Doubts about the Warren investigation exist on several levels. Mr. Goodwin cannot believe that Oswald was not the lone assassin, but he would like the commission’s shoddy work patched up. ‘If we cannot deny this book,’ Goodwin said in a review last Sunday in Book Week, ‘then the investigation must be reopened if we wish to approach the truth more closely.’ Epstein’s attack is mainly directed against the commission, but it also contains disquieting material for an alternative theory of conspiracy.
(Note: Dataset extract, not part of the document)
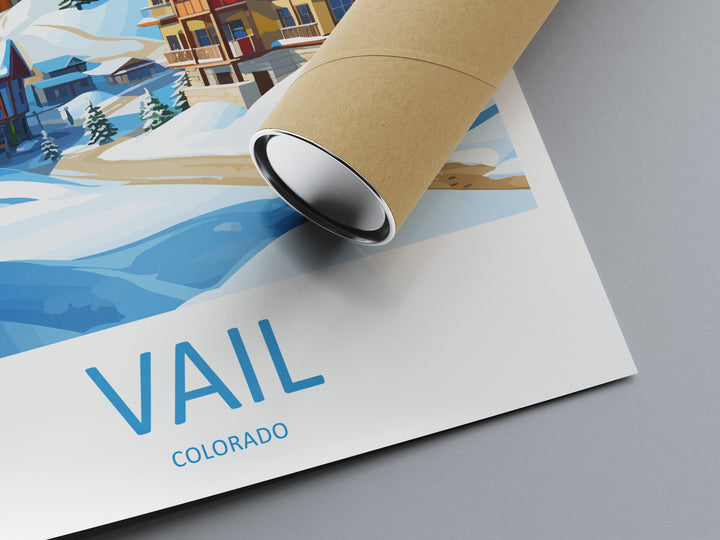 Vail Ski Resort Travel Print Wall Art Vail Ski Resort Wall Hanging Home Décor Vail Gift Art Lovers Ski Art Lover Gift Vail Print Skiing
Harold Weisberg’s discursive and frequently strident book, Whitewash, charges that the commission deliberately suppressed evidence, Popkin’s long and detailed article, in the current New York Review of Books, builds a delicious, Hitchcockian plot of four conspirators working to force a US demarche against Cuba. Others, not surprisingly from among the most disaffected elements in the country, would like to implicate everyone in authority in a massive national conspiracy.
So far there is evidence for only modest revisionism. But even so, if the Warren commissioners are exposed as merely hapless dupes, other doubts about American history over the last two decades become more pertinent. Was the Rosenberg case also a fraud? The FBI’s role then was every bit as curious as it is in the Oswald business. Was the whole US position on the origins of the cold war fraudulent? John McCloy and Allen Dulles had the same job in feeding the national mythology then as they did by ‘wiping out’ the ‘dirty rumours’ in the assassination investigation and preventing ‘damage’ to shining images.
Already the Warren Commission report is beginning to be a political issue. Goodwin is, more or less, a member of the Kennedy government-in-exile. Others of like politics are worried about the flaws in the report. Although there is no evidence that Robert Kennedy has yet taken any interest in the matter, the continuing doubts will certainly increase his distance from the Johnson administration. The demand for a new investigation may become loud enough to affect the 1968 election campaign. That hour in Dallas may yet survive to haunt us for generations to come.